BEGIN EXERCISE MATERIAL
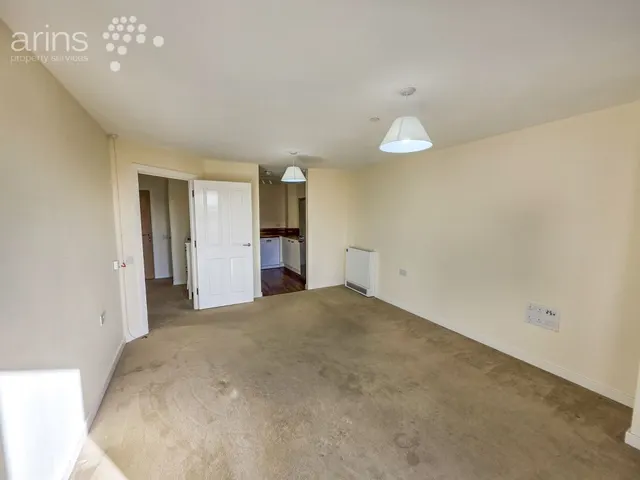Englefield Place, Earley, RG6, photo 3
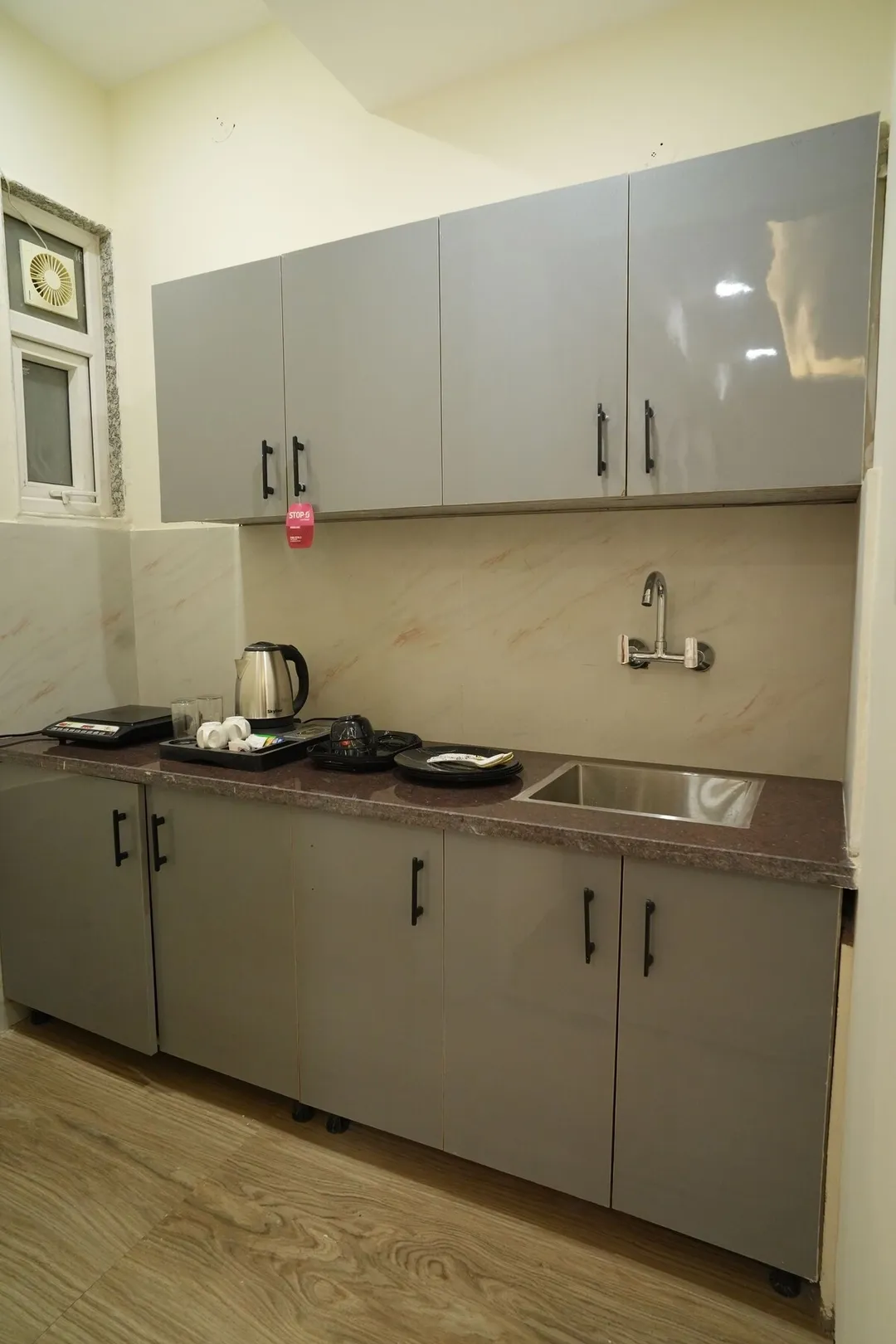 short stay hotels in hotel elite suites gurugram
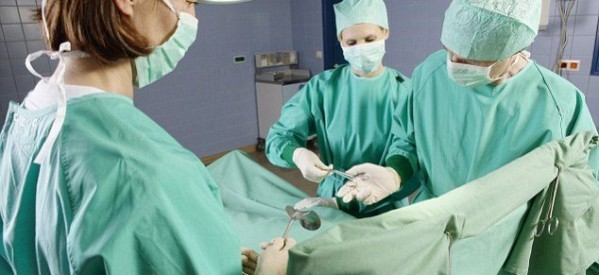 ΟΕΝΓΕ: Καταγγελία για χειρουργεία ιδιωτών σε δημόσια Νοσοκομεία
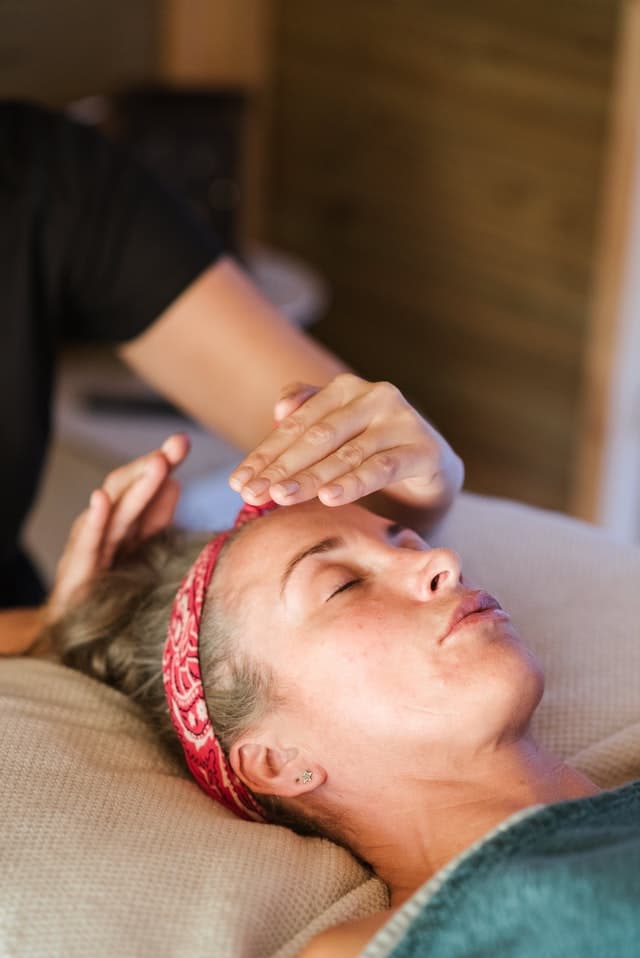 Holistic Massage – What Are Holistic Massages and Best Places Near Boca Raton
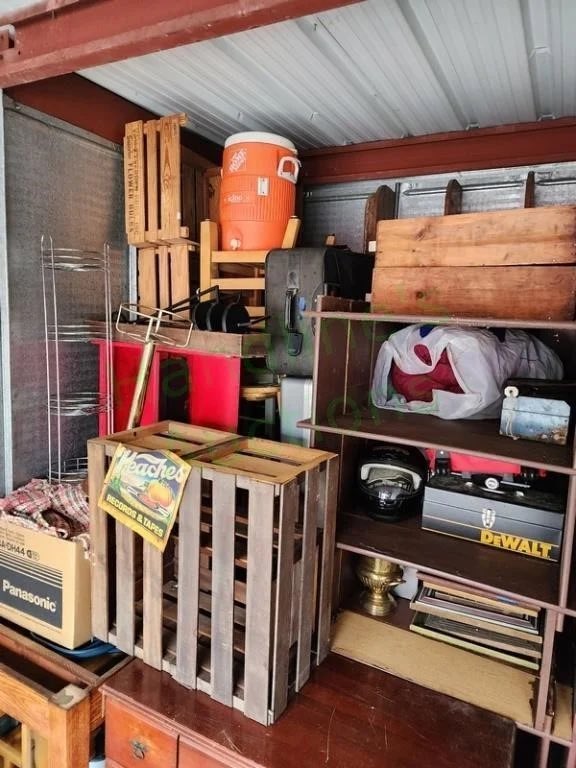 HandlineAuction's tweet image. ABSOLUTE LIVE AUCTION TOMORROW AT OUR WAREHOUSE! 

Starting at 12pm

Get all the details here 👇

handlinesauctions.hibid.com/auction/478931…

#estatesale #estatesalesnet #auction #auctionhouse #auctions #auctioneer #onlineauctions #onlineauction #liveauctioneers #liveauction #liveacutions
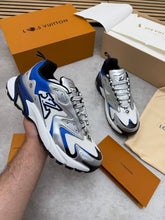 Load image into Gallery viewer, Shoes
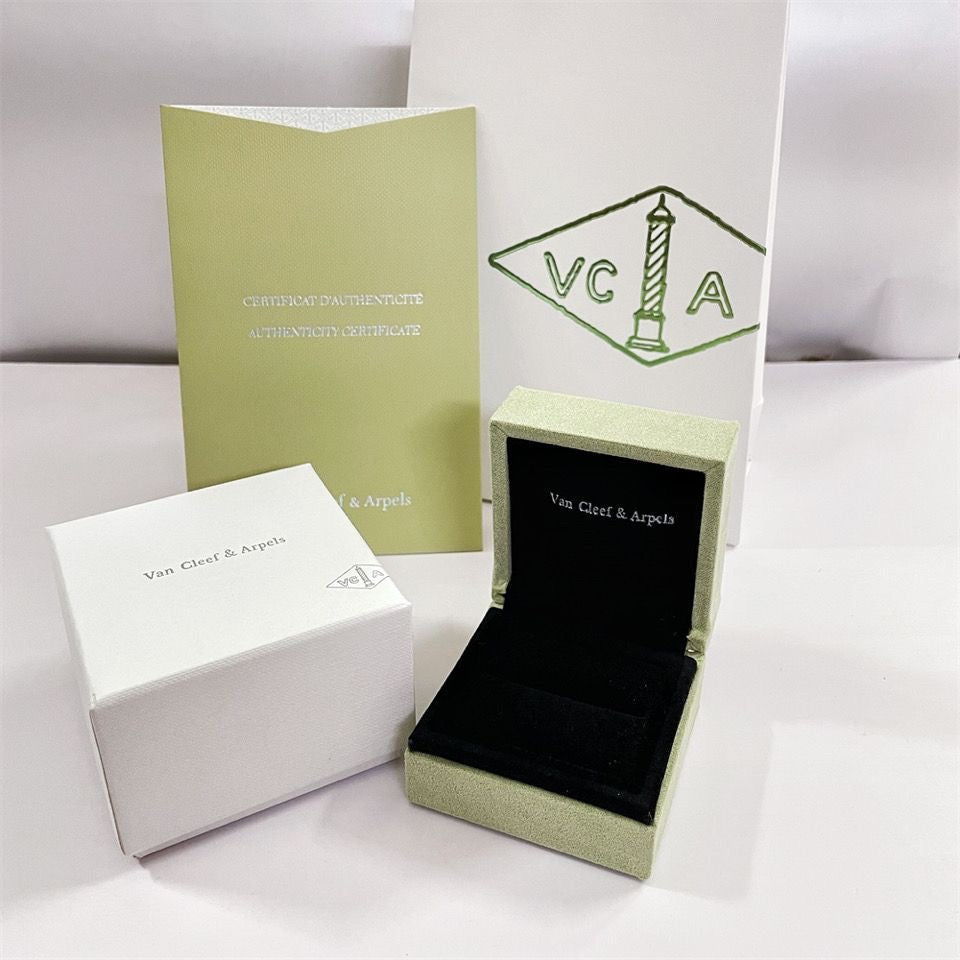 ¡®Imperial¡¯VA CLOVER BRACELET NECKLACE RING BOX GIFT BAG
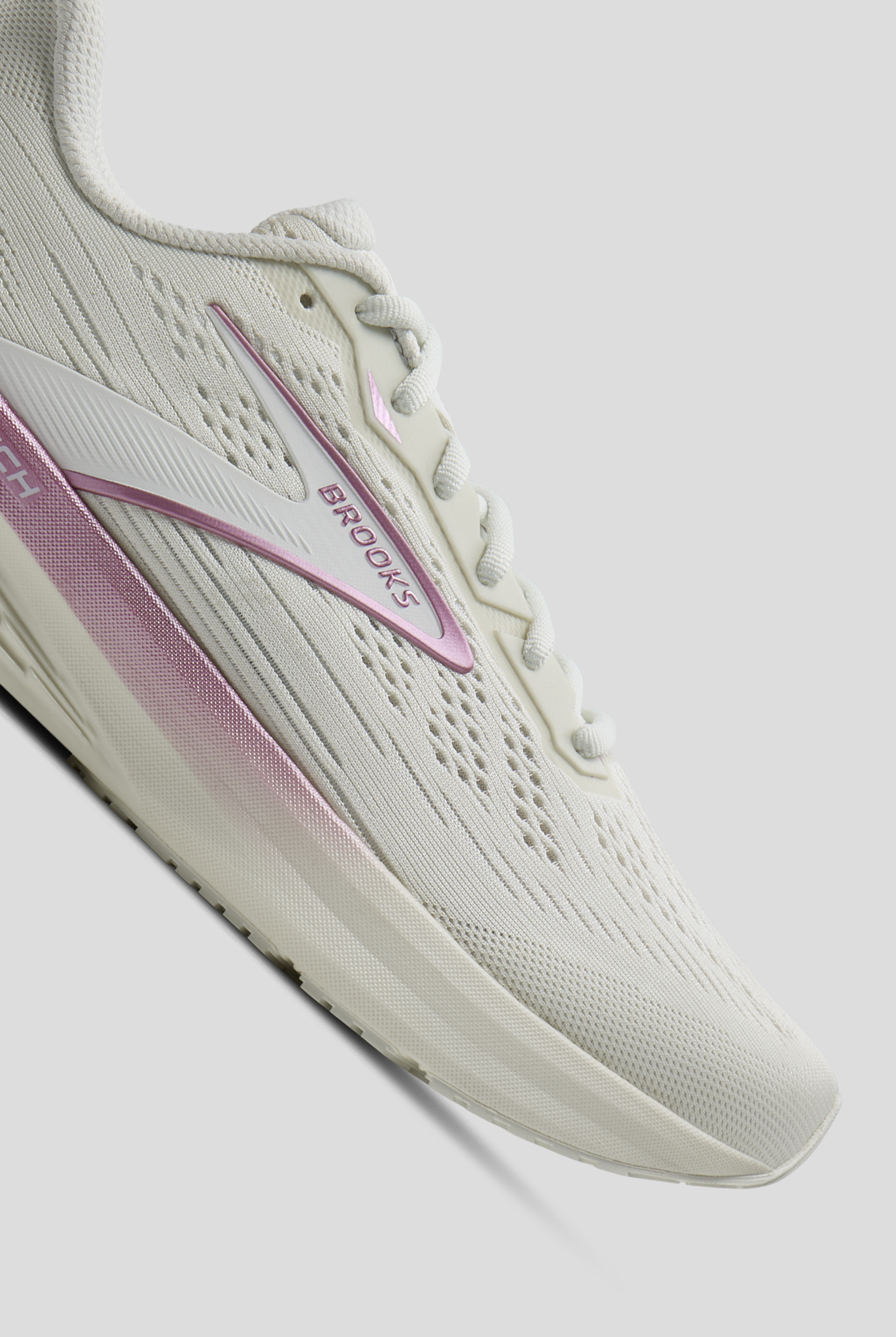 Brooks Women's Launch 12 Bluewash/Pink Athletic Lace Up Shoes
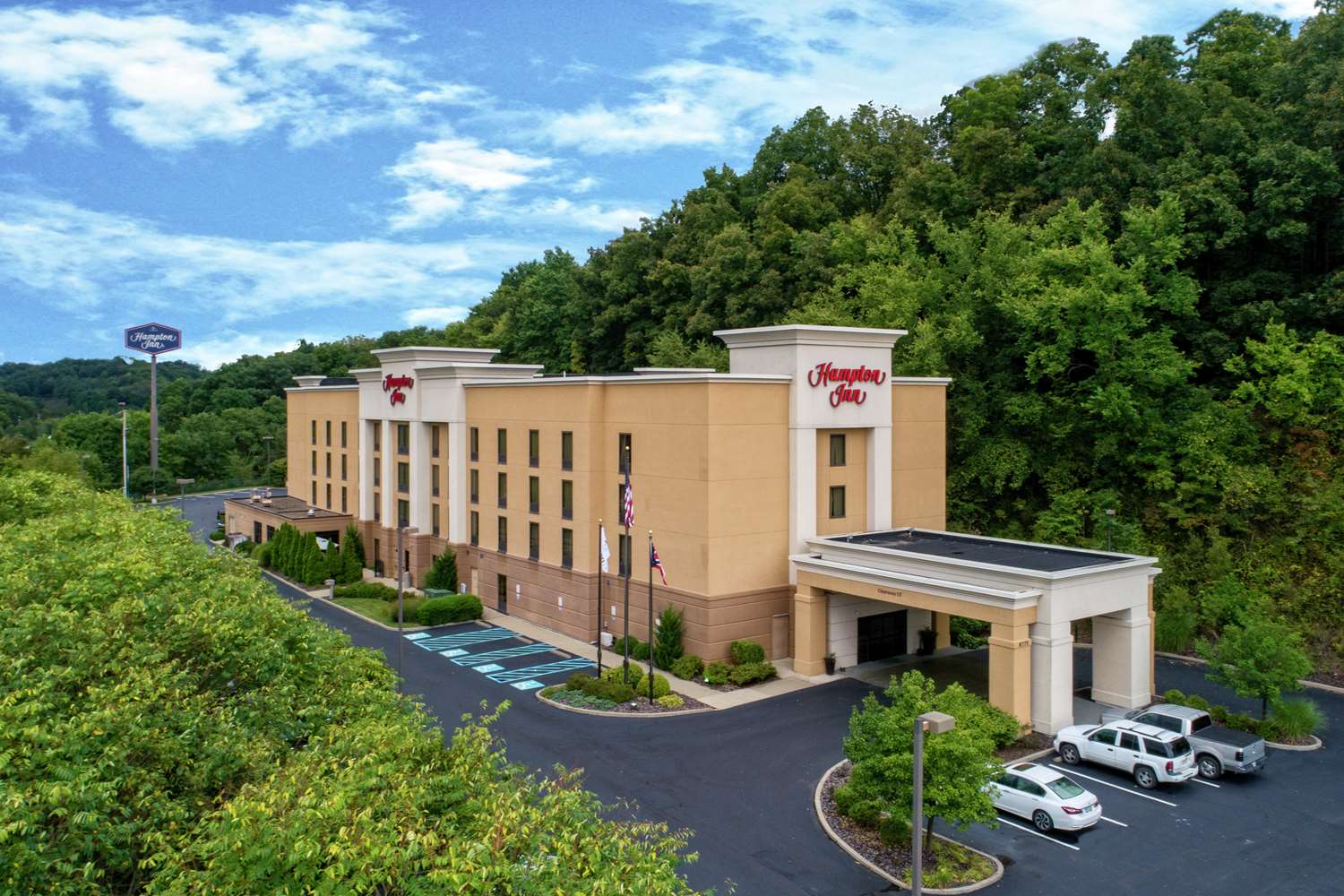 Hampton Inn Cambridge 2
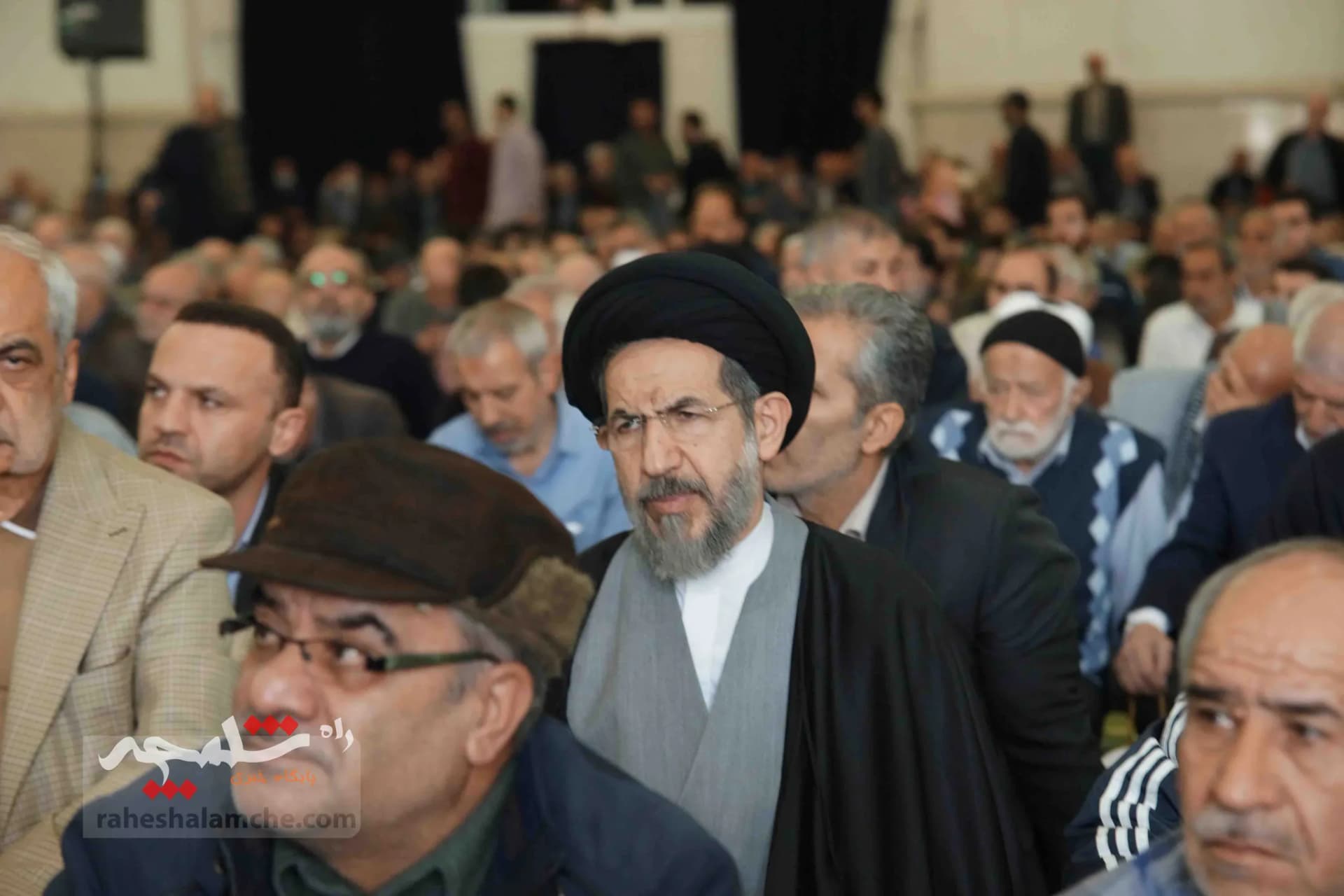 نمازجمعه این هفته تهران به امامت آیتالله خاتمی برگزار شد +تصاویر — تصویر 21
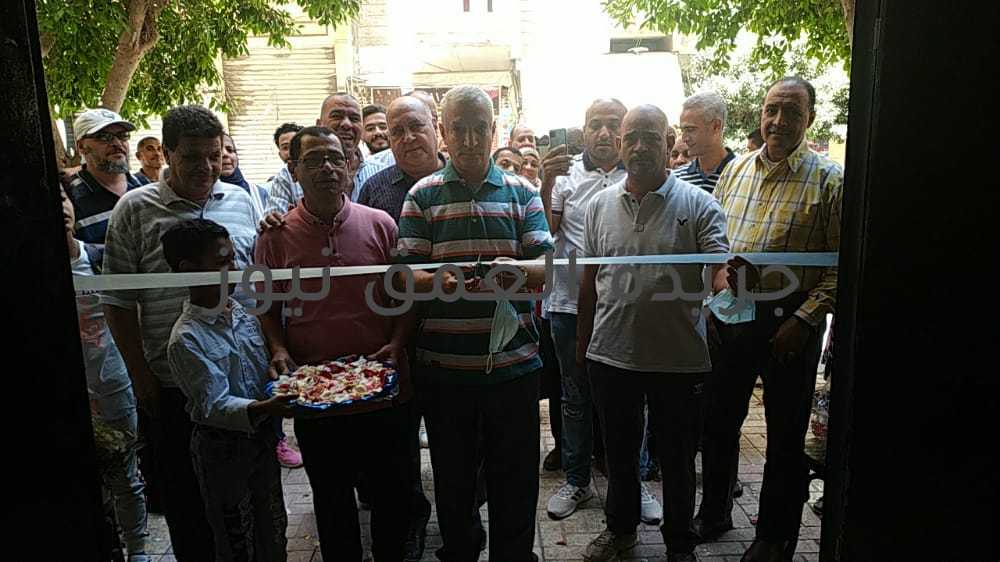 رشدي: زيادة الانتاجية وتصريف المخزون الراكد هدفنا الاساسي بالشوربجي كتب/ حسن أبو خزيم في إطار اهتمام الدولة المصرية بتطوير شركات قطاع الأعمال بهدف استغلال الأصول غير المستغلة والاهتمام بتدريب العمالة لزيادة الخبرات المصرية في كافة للمجالات من خلال الدورات التدريبية وهو ما تركز عليه الحكومة ووزارة قطاع الأعمال منذ فترة وبدأ يؤتى ثماره فى بعض الشركات والمصانع مع تنشيط ووجود دماء جديدة وقيادات ذات كفاءة ولديها القدرة على الاستمرارية فى العمل والعطاء. اكد عيد رشدى رئيس مجلس إدارة شركة الشوربجى للغزل والنسيج في تصريحات خاصة انه تم افتتاح عددا من المنافذ لعرض منتجات الشركة بهدف زيادة الاتتاحية والأرباح وهو مانسعي اليه حاليا لوضع خطة وتنفيذ تكليفات هشام توفيق وزير قطاع الاعمال واللشركة القابضة للغزل والنسيج برئاسة الدكتور احمد مصطفى وحرصه الدائم بزيادة المنافذ والمعارض لتصريف المخزون الراكد لدي بعض للشركات لافتا الي افتتاح منفذ العاملين بالشركة مع وجود تسهيلات في السداد علي 6 شهور والمخزون الموجود حاليا لايتجاوز 2%من الانتاج بسبب للسياسة التي تم أتباعها في تصريف المخزون مع تحقيق دخل كبير للشركة حيث يوجد للشركة 11 معرضا بالمحافظات وتطويرها خلال الفترة الماضيه بعد أن توليت المسؤلية مع توفير زي موحد للعاملين في بالمعارض علاوة علي افتتاح معرض للشركة بمقر الجهاز المركزي للمحاسبات ولاقي ترحيبا كبير ومسعي لزيادة تلك المعارض واشار رشدي الي انه تم تجديد معرض العصافرة وافتتاحه مع زيادة المبيعات علاوة علي تجديد مصيف للعاملين بالعصافرة و لاستقبال اجازات العاملين في الصيف في اطار الاهتمام بهم بدلا من المصايف الخاصة لافتا الي انه من الامور التي تؤكد حرص العاملين علي الشركة عملنا علي تجديد واصلاح وحدة ترطيب الغزل وادت الي زيادة الانتاجية بعد أن تم تفكيكها منذ فترات وعرضها البيع مؤكدا أن لدينا عمالة مهرة قاموا لاعادة تاهيلها مع شراء قطع غيار لها ولم تكلف الشركة التزامات مالية وقبلها قام العمال باصلاح الغلاية والتي كانت تتكلف خارج الشركة اكثر من مليون جنيه ولكن بسواعد العمالة تم اصلاحها داخل الشركة والتي ادت الى مضاعفة الإنتاج، لافتا الي وجود تراكمات مالية علي الشركة منها فواتير للمياه منذ سنوات طويله وقمنا بالاتفاق مع شركة مياه الشرب والصرف الصحي بالجيزة بجدولة المديونية بجههود من د احمد مصطفى تم سداد مليون جنيه دفعة واحدة مع الالتزام كل 6 شهور بسداد 500 الف جنيه بهدف سداد الديون المتراكمة.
END EXERCISE MATERIAL
## YOUR INSTRUCTIONS
Return exactly the lines above, from the one with "handlinesaucti" up to and including the one with "Hampton Inn Cambridge 2", and include no pictures.

## RESULT OF THIS TASK
handlinesauctions.hibid.com/auction/478931…

#estatesale #estatesalesnet #auction #auctionhouse #auctions #auctioneer #onlineauctions #onlineauction #liveauctioneers #liveauction #liveacutions
 Load image into Gallery viewer, Shoes
 ¡®Imperial¡¯VA CLOVER BRACELET NECKLACE RING BOX GIFT BAG
 Brooks Women's Launch 12 Bluewash/Pink Athletic Lace Up Shoes
 Hampton Inn Cambridge 2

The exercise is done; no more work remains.